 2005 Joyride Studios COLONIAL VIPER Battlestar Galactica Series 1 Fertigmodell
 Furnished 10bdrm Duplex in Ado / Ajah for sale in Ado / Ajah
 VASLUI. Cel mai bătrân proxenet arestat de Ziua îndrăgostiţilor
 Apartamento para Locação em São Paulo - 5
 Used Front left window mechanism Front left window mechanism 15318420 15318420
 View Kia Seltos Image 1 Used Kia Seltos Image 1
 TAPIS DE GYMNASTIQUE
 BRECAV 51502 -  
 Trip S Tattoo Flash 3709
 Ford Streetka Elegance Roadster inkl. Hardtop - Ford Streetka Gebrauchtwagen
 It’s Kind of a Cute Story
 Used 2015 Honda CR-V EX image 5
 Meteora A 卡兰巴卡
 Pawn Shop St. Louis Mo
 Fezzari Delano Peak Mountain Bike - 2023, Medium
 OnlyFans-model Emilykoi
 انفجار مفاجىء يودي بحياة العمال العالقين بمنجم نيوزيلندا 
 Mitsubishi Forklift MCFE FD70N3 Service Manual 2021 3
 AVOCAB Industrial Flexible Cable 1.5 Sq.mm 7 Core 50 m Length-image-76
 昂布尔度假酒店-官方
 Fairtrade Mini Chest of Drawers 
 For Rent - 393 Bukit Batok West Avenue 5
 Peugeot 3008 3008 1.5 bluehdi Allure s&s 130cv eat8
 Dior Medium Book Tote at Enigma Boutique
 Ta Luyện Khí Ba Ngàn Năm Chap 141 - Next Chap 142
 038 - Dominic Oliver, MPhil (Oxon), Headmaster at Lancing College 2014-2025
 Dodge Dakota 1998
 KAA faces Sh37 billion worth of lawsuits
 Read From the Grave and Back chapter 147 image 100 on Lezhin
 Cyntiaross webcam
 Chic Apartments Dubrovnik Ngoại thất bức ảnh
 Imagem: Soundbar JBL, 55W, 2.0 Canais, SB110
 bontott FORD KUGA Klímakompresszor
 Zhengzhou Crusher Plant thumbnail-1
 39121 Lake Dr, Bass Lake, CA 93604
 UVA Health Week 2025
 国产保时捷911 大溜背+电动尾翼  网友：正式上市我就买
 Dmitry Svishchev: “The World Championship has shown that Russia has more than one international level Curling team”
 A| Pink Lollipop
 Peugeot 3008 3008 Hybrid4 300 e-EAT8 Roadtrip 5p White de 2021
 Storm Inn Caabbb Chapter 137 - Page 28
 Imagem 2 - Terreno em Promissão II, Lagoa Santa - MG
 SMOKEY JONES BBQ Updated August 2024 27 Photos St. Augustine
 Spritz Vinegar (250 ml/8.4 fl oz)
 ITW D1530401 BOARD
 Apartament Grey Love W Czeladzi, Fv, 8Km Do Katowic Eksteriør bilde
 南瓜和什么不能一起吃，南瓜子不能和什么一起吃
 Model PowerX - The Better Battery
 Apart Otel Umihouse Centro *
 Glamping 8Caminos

- BRIEF:
Exactly the lines from the one containing "انفجار مفاجىء يودي" through the end of the records above should be returned, with both ends kept.

- SOLUTION TO THIS TASK:
 انفجار مفاجىء يودي بحياة العمال العالقين بمنجم نيوزيلندا 
 Mitsubishi Forklift MCFE FD70N3 Service Manual 2021 3
 AVOCAB Industrial Flexible Cable 1.5 Sq.mm 7 Core 50 m Length-image-76
 昂布尔度假酒店-官方
 Fairtrade Mini Chest of Drawers 
 For Rent - 393 Bukit Batok West Avenue 5
 Peugeot 3008 3008 1.5 bluehdi Allure s&s 130cv eat8
 Dior Medium Book Tote at Enigma Boutique
 Ta Luyện Khí Ba Ngàn Năm Chap 141 - Next Chap 142
 038 - Dominic Oliver, MPhil (Oxon), Headmaster at Lancing College 2014-2025
 Dodge Dakota 1998
 KAA faces Sh37 billion worth of lawsuits
 Read From the Grave and Back chapter 147 image 100 on Lezhin
 Cyntiaross webcam
 Chic Apartments Dubrovnik Ngoại thất bức ảnh
 Imagem: Soundbar JBL, 55W, 2.0 Canais, SB110
 bontott FORD KUGA Klímakompresszor
 Zhengzhou Crusher Plant thumbnail-1
 39121 Lake Dr, Bass Lake, CA 93604
 UVA Health Week 2025
 国产保时捷911 大溜背+电动尾翼  网友：正式上市我就买
 Dmitry Svishchev: “The World Championship has shown that Russia has more than one international level Curling team”
 A| Pink Lollipop
 Peugeot 3008 3008 Hybrid4 300 e-EAT8 Roadtrip 5p White de 2021
 Storm Inn Caabbb Chapter 137 - Page 28
 Imagem 2 - Terreno em Promissão II, Lagoa Santa - MG
 SMOKEY JONES BBQ Updated August 2024 27 Photos St. Augustine
 Spritz Vinegar (250 ml/8.4 fl oz)
 ITW D1530401 BOARD
 Apartament Grey Love W Czeladzi, Fv, 8Km Do Katowic Eksteriør bilde
 南瓜和什么不能一起吃，南瓜子不能和什么一起吃
 Model PowerX - The Better Battery
 Apart Otel Umihouse Centro *
 Glamping 8Caminos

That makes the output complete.